• Task goal:
Skip the images and restate every line of the records exactly.

• Provided entries:
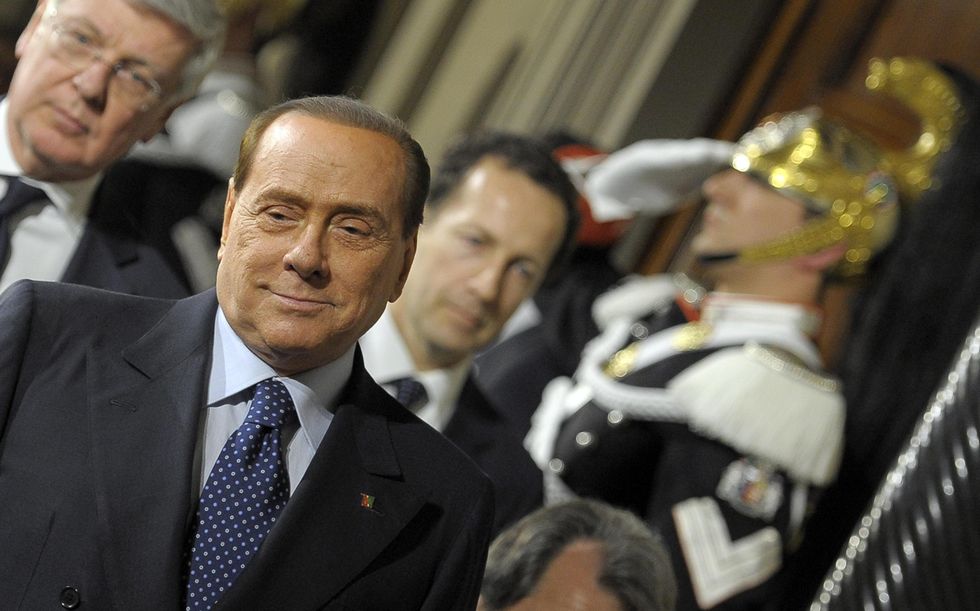 Renzi nei guai, Berlusconi sugli allori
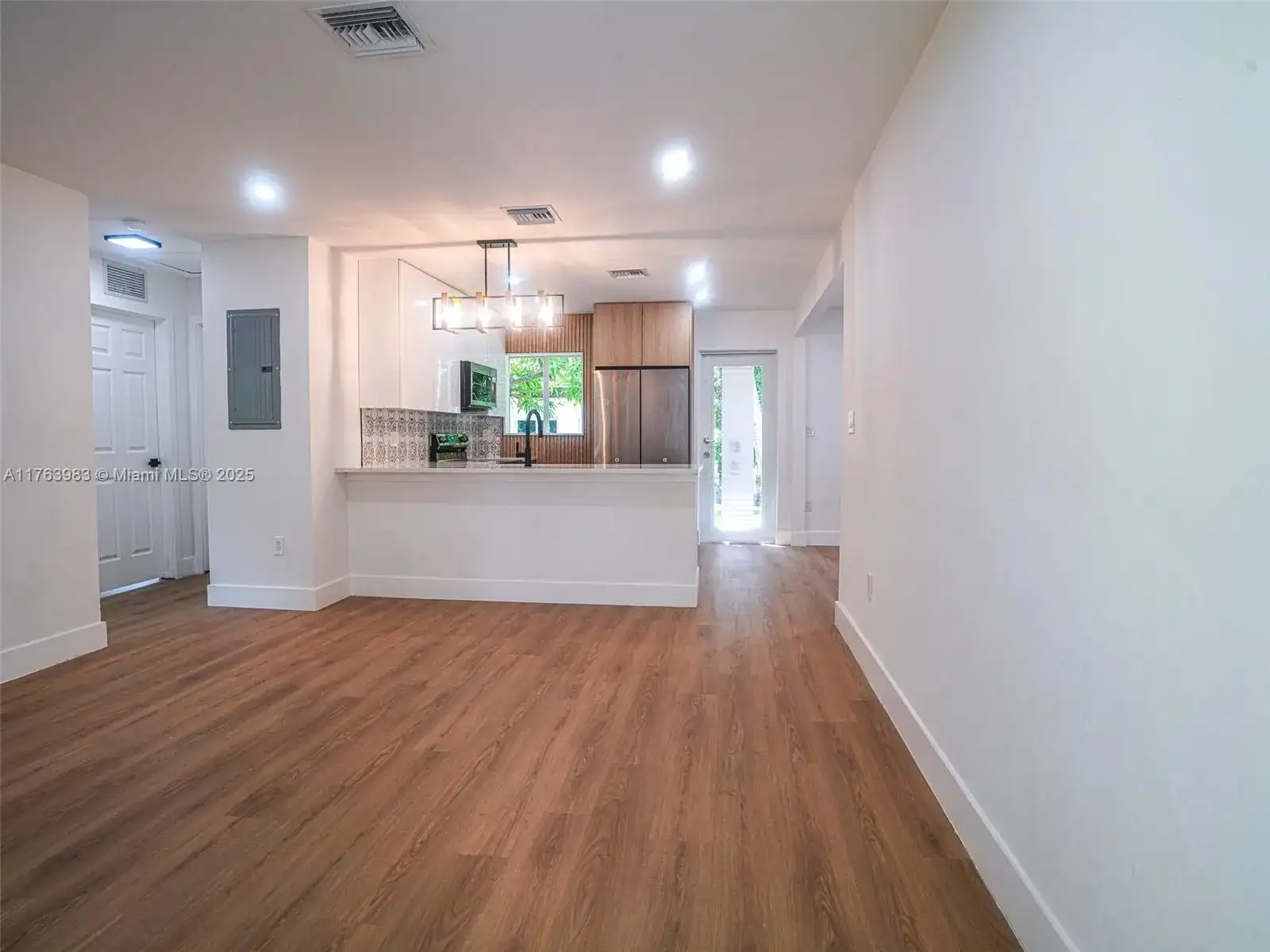 204 NE 10th St, Pompano Beach FL 33060 photo 4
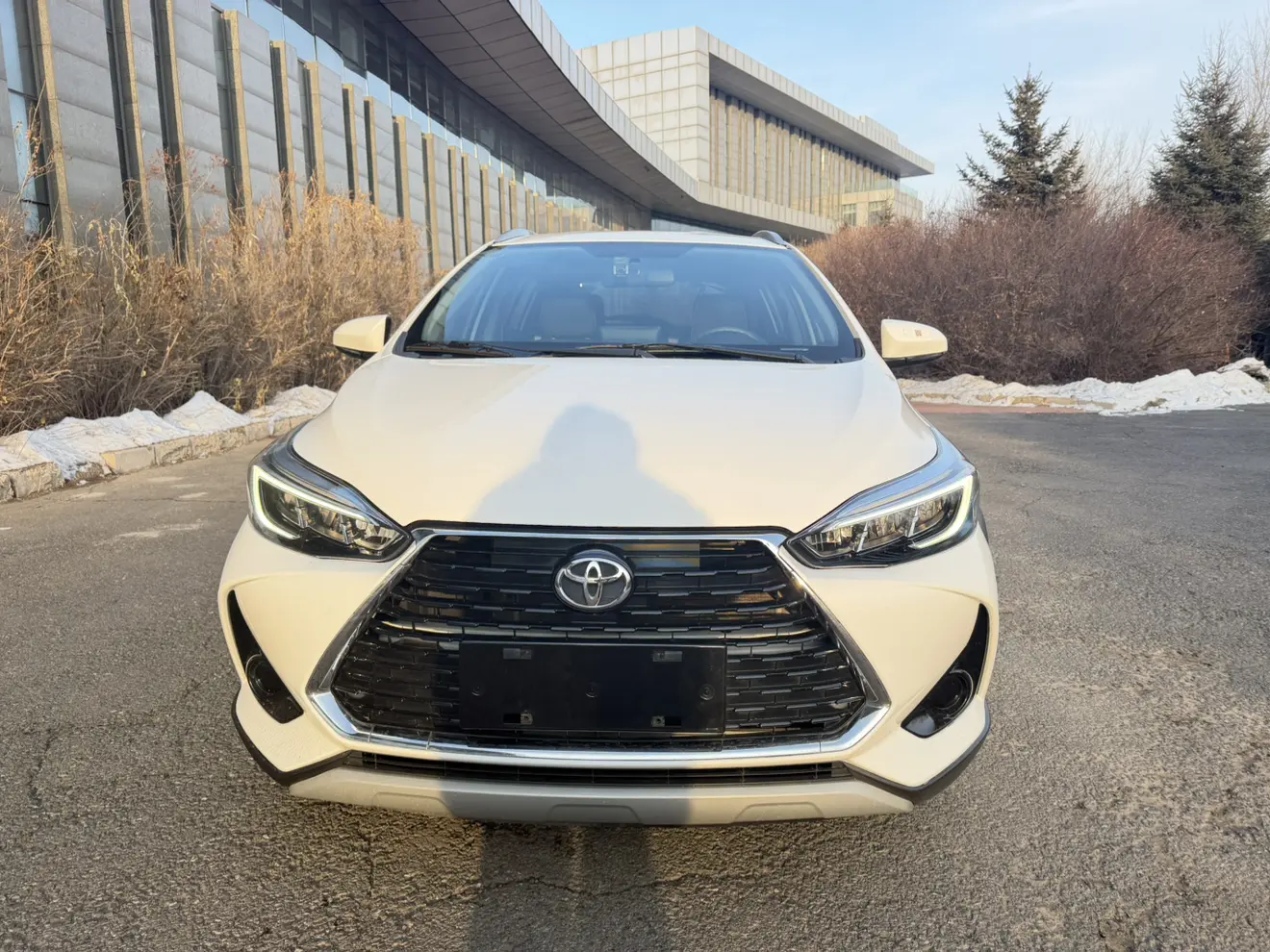 Toyota Yaris L  из Китая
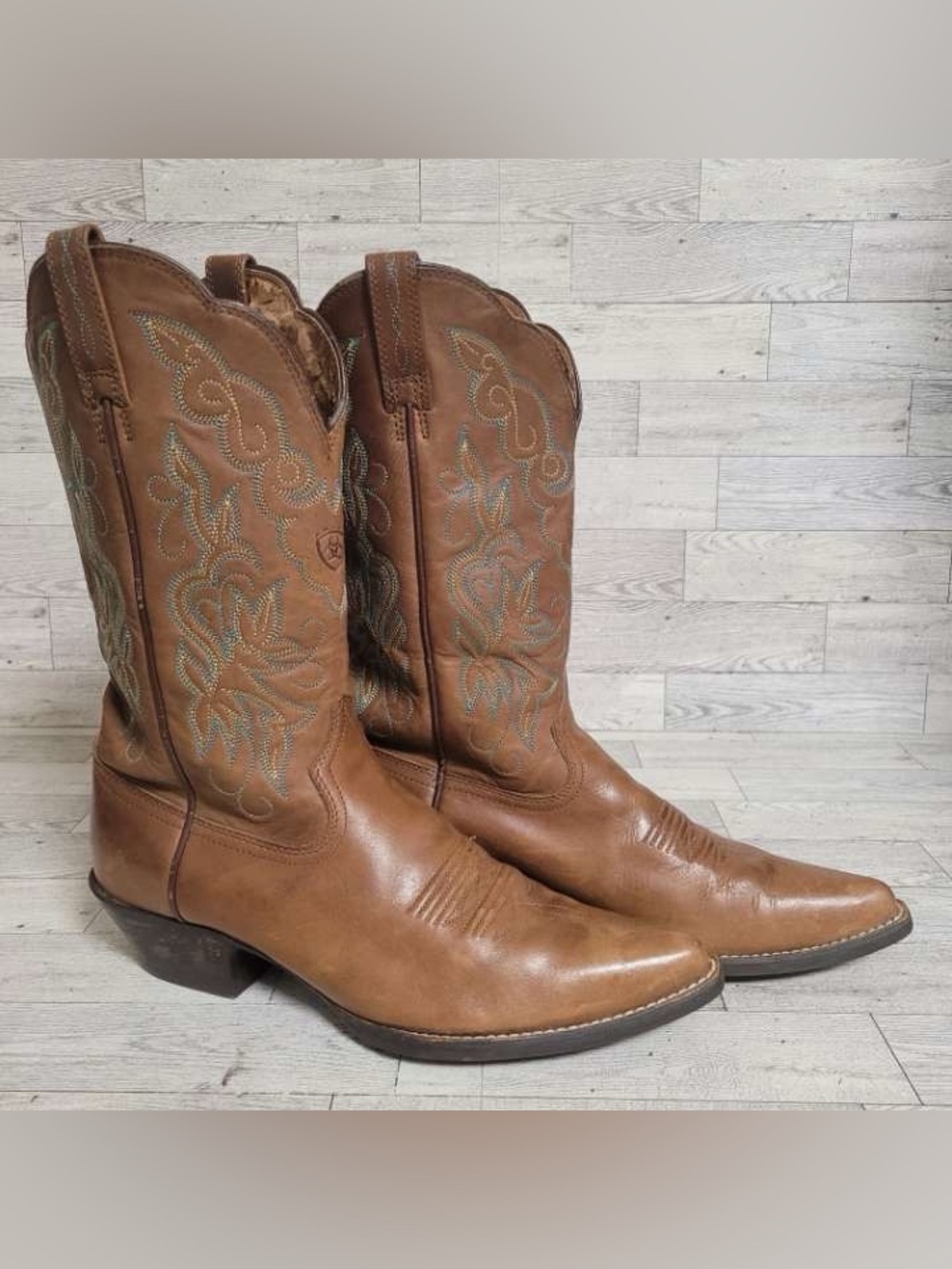 Ariat Brown Leather Western Heeled Cowboy Boots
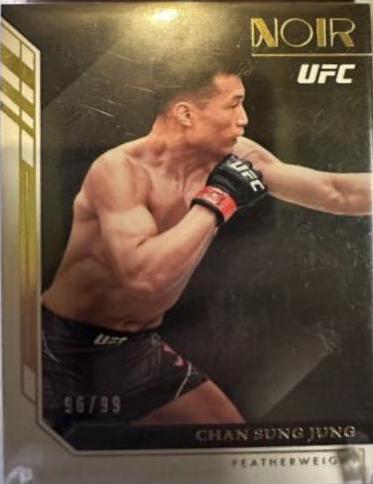 Chan Sung Jung 2023 Panini Chronicles UFC Base Noir #429 Green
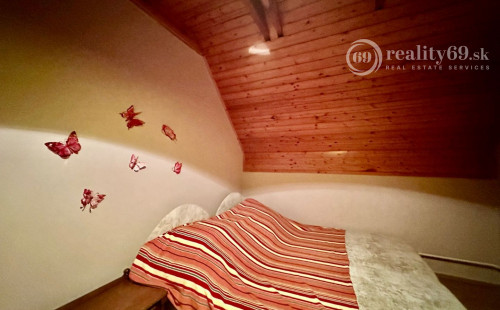 MAĎARSKO - TISZACSEGE - 4 IZBOVÁ CHATA, TERASA, ZÁHRADA PRI TERMÁLNOM KÚPALISKU.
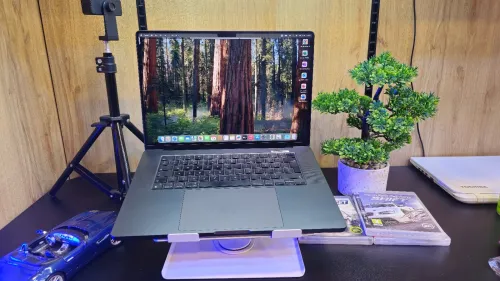 Macbook pro M4 mdm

• Expected answer:
 Renzi nei guai, Berlusconi sugli allori
 204 NE 10th St, Pompano Beach FL 33060 photo 4
 Toyota Yaris L  из Китая
 Ariat Brown Leather Western Heeled Cowboy Boots
 Chan Sung Jung 2023 Panini Chronicles UFC Base Noir #429 Green
 MAĎARSKO - TISZACSEGE - 4 IZBOVÁ CHATA, TERASA, ZÁHRADA PRI TERMÁLNOM KÚPALISKU.
 Macbook pro M4 mdm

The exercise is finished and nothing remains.